Concurring in that estimate are Pima County Administrator Chuck
Hucklelberry, former Pima County Assessor Arnold Jeffers, and
some staff members of the Pima County Assessor's Office who prefer
to remain anonymous.
Unlike most politicians, Republican Jeffers was a regular critic
of rent-a-cow throughout his tenure as assessor--and not because
he was some kind of tree-hugger. Jeffers is a staunch pro-growther.
He just happens to suffer from a big streak of fairness, and during
his government tenure attempted to make a few changes in how the
law was interpreted. Rent-a-cow was one of his favorite subjects,
so much so that his staff gave him a large cow replica, which
now sits in his backyard.
"Every time I went to the Legislature to clarify what could
be counted under the agricultural exemption provisions, they clarified
it in favor of the land owner and made it tougher for the assessor,"
recalls Jeffers, who says the most powerful lobby was neither
the developers or the ranchers. "It was the mines. They own
large tracts of land they currently keep grazing leases on."
Jeffers is skeptical that any large-scale reform is possible.
"Arizona taxes land on its use. It would require a major
revision of the entire tax code to change that."

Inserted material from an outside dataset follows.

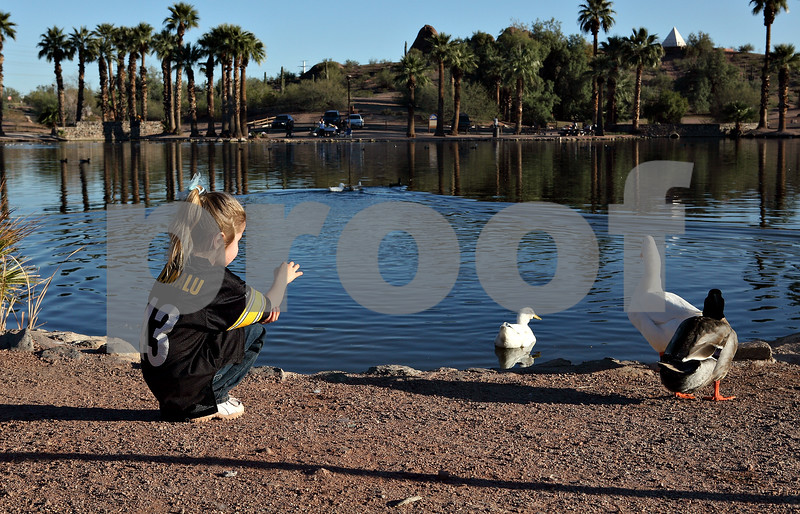 IMAGE: http://ksnyderphoto.smugmug.com/Family/Papago-Fun-09/IMG1161-4x7/466561221_bRn2D-L-1.jpg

Maybe, but that taxing principal was in place before there were
any zoning laws. It doesn't seem that complicated to amend state
statutes to simply redefine use to include the owner's plans when
a rezoning is approved. At the very least, one could modify the
use portion to nullify the exemption at the time a change in use--that
is to say, a rezoning--is granted.
It's clear the Legislature will never allow this to happen unless--or
until--there's a groundswell of public anger at being stiffed
every year by this archaic scam while the rest of us cough up
our property taxes like the law-abiding chumps we are. As the
demand for more revenues for rapacious local governments continue
to grow, how long will the taxpayers continue to allow this massive
loophole to exist?
Part of the problem is the general ignorance concerning the magnitude
of the problem. Anywhere from $50 million to $100 million a year
in new revenue in Pima County alone would be a major relief to
hard-strapped local governments, mostly in that position because
of the very actions of the same land speculators who cash in on
the exemptions. A mere $12 million to $25 million a year would
certainly solve our current law-enforcement needs.
Perhaps the best solution would be to run an initiative on the
issue. Undoubtedly it would pass easily, no matter how many millions
the developers would throw up against it. Environmental types
now trying for additional controls via urban growth boundaries
would be wise to consider that option. As one of the group's more
sophisticated local members, Rich Genser, notes: "Pulling
the agricultural exemption on rezoned land would do more to slow
down sprawl and restrain growth than most of the controlled-growth
proposals combined."
And it would go a long way to genuine tax equity by eliminating
one of the more obnoxious forms of corporate welfare in Arizona.